I ask the student about their background in physics, what their interests are and what their major is (or will be) in college. This gives me an idea of what excites them and how they might think about different problems.
I next assess their mathematical preparedness for the class. If they need more preparation in certain areas, I provide supplementary materials and guidance to catch them up.
What education and/or training do you have that relates to your work?
I have a Ph.D in Physics from the University of Illinois at Urbana Champaign. During my time at UIUC, I was a teaching assistant for many years during which I won several awards for teaching that I was nominated for by students as well as senior teaching faculty. Before graduate school, I also tutored for my undergraduate department at Queens College, CUNY and as a private tutor to high school and college students, and high school teachers.
What types of students have you worked with?

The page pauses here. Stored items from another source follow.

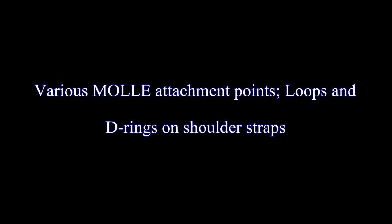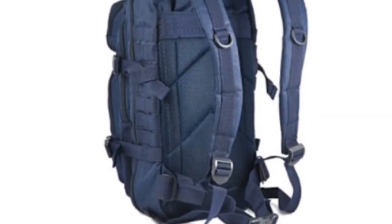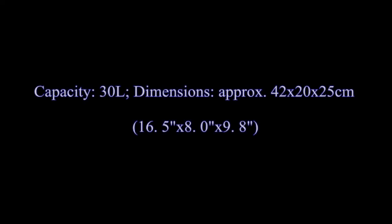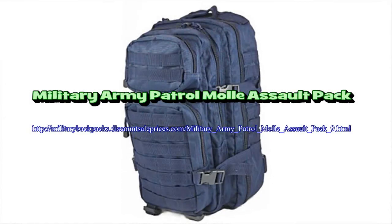Features include: two separate compartments, two front pockets, all pockets with a two-way zipper, built-in velcro pocket for a hydro pack, adjustable padded shoulder straps, padded back, adjustable hip belt, lateral compression straps, various small attachment points, and loops and D-rings on shoulder straps.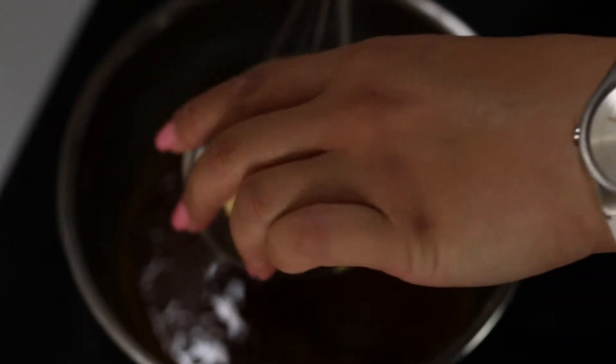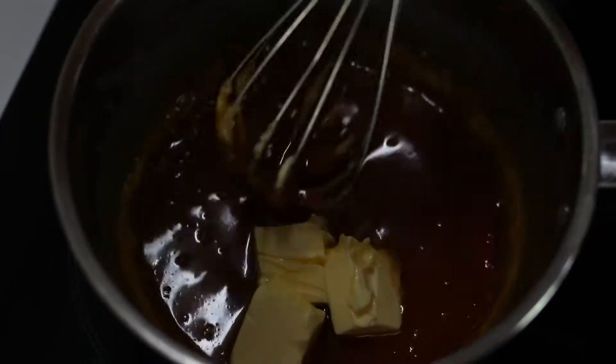Now add in your butter and mix until incorporated.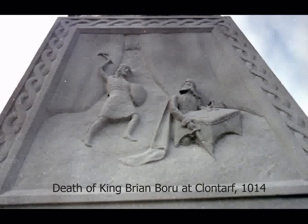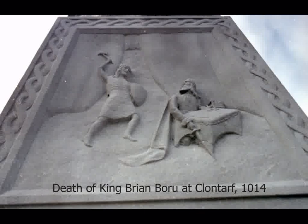The monument was vandalised in the 1970s and the soldier's rifle was taken. It was fully restored by Dublin City Council in 1991.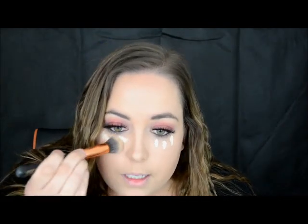So I do only apply three dots like that, and then I get my Zoeva 110 Face Shaping Brush and I like to just blend it in.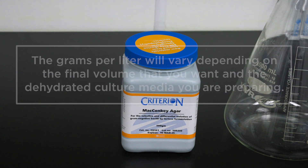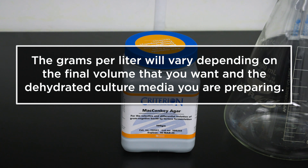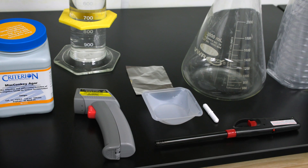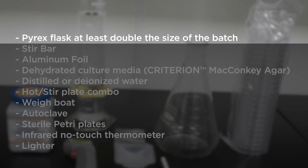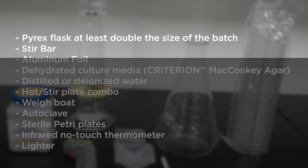The grams per liter will vary depending on the final volume you want and the dehydrated culture media you are preparing. In order to make a batch of prepared media you will need a pyrex flask at least double the size of the batch, a stir bar, and aluminum foil.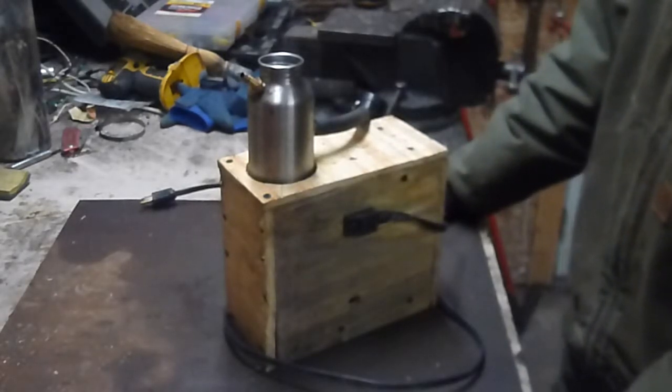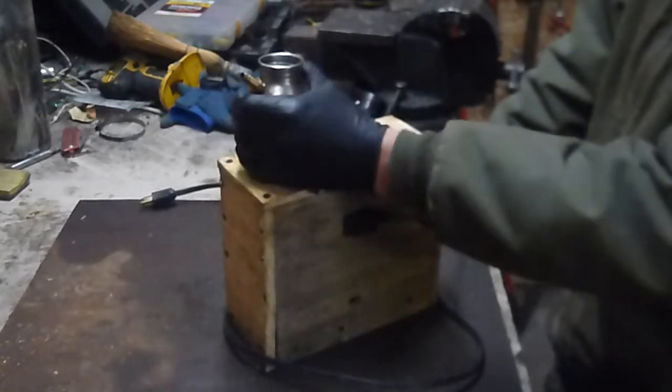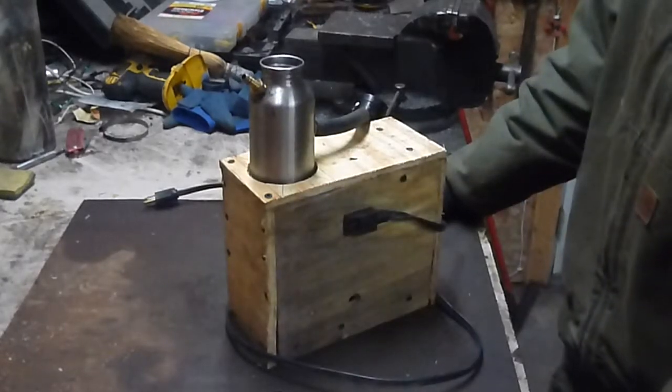According to both OSHA standards and the National Electric Code, anything under 30 amps doesn't need to be grounded. So this is not actually grounded — this is a live negative. It's perfectly safe. It's 5 volts.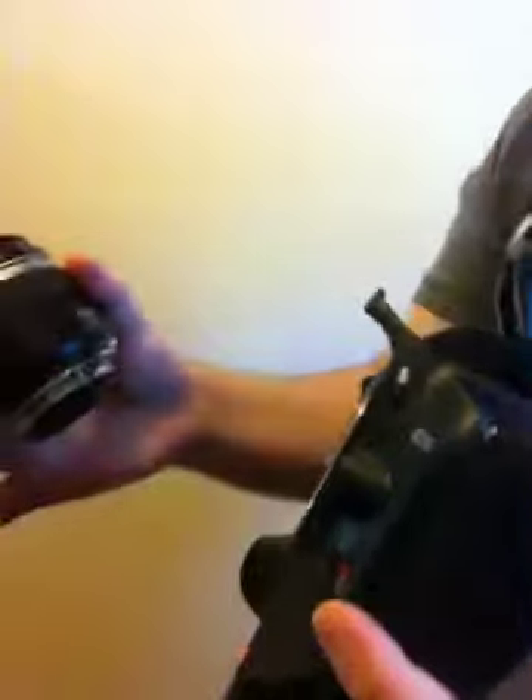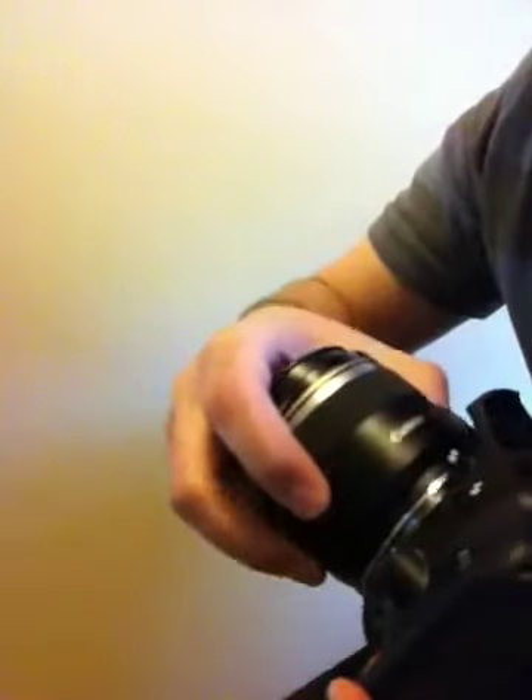I'll go ahead and load this lens onto a Rebel XS and put it in autofocus. I'll snap away a couple shots. The great thing about these lenses is they're super fast — just as fast as you want to be. Pretty simple.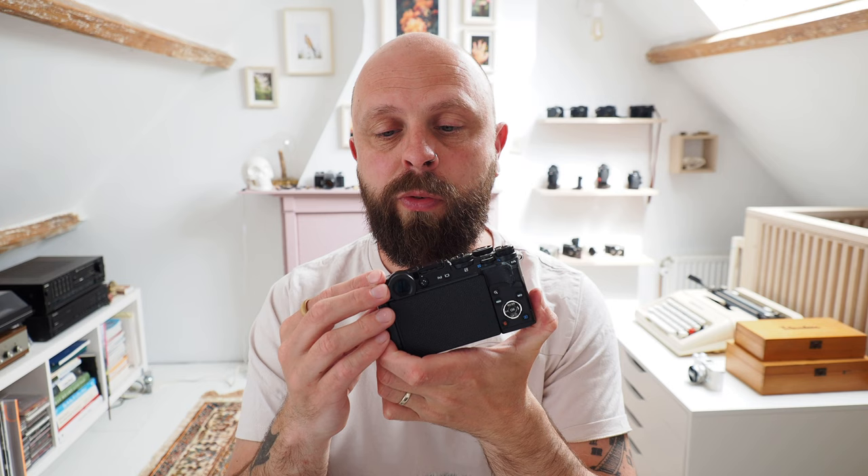The second thing I really like is the Electronic Viewfinder. Like I said earlier, it's the only pen with a built-in EVF. Even though I did shoot for years without one in the older pens, these days I feel every camera I use often should have a built-in EVF because it's just so much better than just looking at a screen. That's something I really like about the Pen F.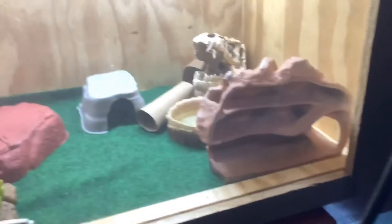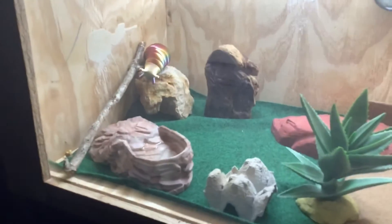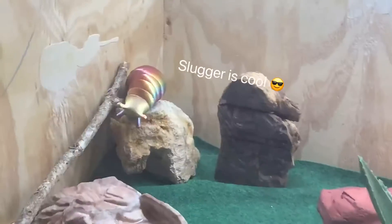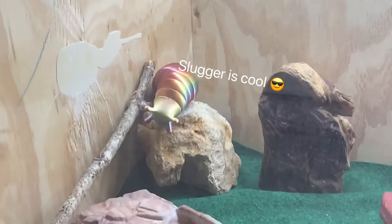I just wanted to make a little short video about these new cages that me and my dad worked on. Our old cages kind of broke, so we needed a place for our lizards to stay. We made these really cool little cages and I think they're actually really nice. There's Slugger over there — he's just Mule's little friend so he can stay there. But yeah, this is the cage.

I've worked with students with many different background. As a teaching assistant, I've taught engineering, architecture, computer science and pre-medicine students. As a tutor, I've worked with high school and college students with different levels of familiarity with physics. My students included high school teachers seeking certification in physics.
What advice would you give a student looking to hire a teacher in your area of expertise?

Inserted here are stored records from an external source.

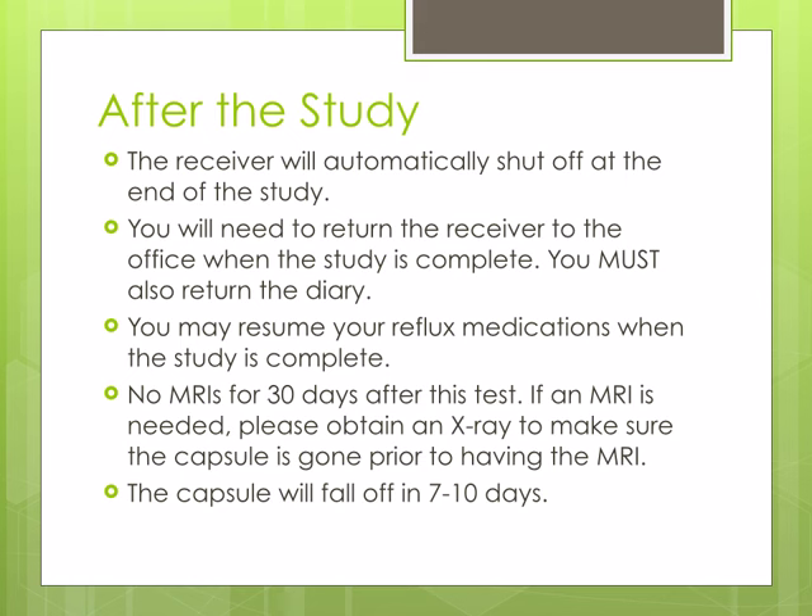The receiver will automatically shut off when the study is complete. You will need to return the receiver to the office when the study is complete. You must remember to bring the diary when returning the receiver. You may resume your reflux medications when the study is complete.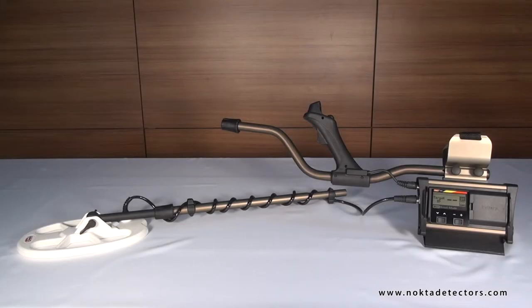Ground balance can be done in three ways. We will start with automatic ground balance. First, find a spot on the ground where there is no metal. Press and hold the ground balance button and pump the search coil up and down from about 15 to 20 cm or 6 to 8 inches above the ground down to 3 cm or 1 inch off the ground. Continue until you hear the beep indicating that ground balancing is completed. The ground balance value will appear on the LCD panel as well as the numeric display on the handle.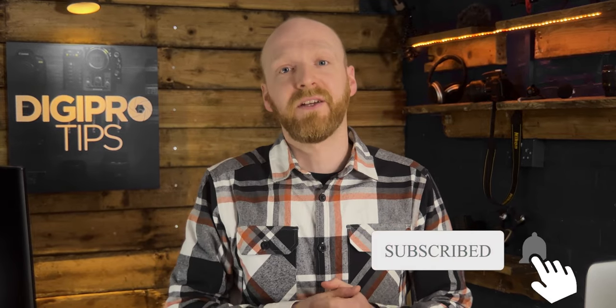I hope this has helped you make an informed decision about the Blackmagic Studio camera and which lenses to get for it. If you've enjoyed this video and found it useful, hit that subscribe button and that bell notification so you know the next time I upload. We'll keep working smarter, not harder, because that's what we do at DigiProTips. I'll see you in the next video.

A good physics teacher can explain a concept to you in many different ways. If it doesn't make sense in the first explanation, they should present a few more ways of looking at the problem until it does. If it begins to feel overwhelming, as physics and math often do, a good teacher will reel you back in and not let the stress roadblock you.
What questions should students think through before talking to teachers about their needs?
What's your history with the subject?
What parts do you like and what stresses you out?